● **Exercise aim**: Pick out each line in these entries that contains the string "Women".

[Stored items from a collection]
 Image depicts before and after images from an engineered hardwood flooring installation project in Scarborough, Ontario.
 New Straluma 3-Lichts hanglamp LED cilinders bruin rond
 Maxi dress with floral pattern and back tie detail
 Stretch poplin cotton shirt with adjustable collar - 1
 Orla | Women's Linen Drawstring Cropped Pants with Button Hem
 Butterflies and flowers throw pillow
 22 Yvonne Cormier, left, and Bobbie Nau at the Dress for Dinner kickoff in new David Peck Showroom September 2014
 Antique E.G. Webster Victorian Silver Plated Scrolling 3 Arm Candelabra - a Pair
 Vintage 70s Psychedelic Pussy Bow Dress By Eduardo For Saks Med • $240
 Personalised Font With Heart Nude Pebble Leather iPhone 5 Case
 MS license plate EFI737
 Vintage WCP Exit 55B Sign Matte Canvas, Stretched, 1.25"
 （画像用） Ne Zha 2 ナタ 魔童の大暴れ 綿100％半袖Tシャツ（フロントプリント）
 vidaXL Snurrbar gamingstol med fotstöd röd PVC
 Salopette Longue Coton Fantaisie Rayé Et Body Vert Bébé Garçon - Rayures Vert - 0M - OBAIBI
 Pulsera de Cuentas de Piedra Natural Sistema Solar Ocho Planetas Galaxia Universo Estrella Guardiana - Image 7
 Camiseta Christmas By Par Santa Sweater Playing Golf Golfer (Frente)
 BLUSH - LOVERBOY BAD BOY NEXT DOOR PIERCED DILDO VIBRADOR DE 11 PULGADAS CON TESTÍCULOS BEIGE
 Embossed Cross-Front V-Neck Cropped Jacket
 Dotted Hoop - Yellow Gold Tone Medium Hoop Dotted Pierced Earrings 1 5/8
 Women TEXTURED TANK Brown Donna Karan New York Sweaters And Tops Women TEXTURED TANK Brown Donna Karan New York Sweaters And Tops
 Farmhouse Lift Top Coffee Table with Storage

● **Result**:
 Orla | Women's Linen Drawstring Cropped Pants with Button Hem
 Women TEXTURED TANK Brown Donna Karan New York Sweaters And Tops Women TEXTURED TANK Brown Donna Karan New York Sweaters And Tops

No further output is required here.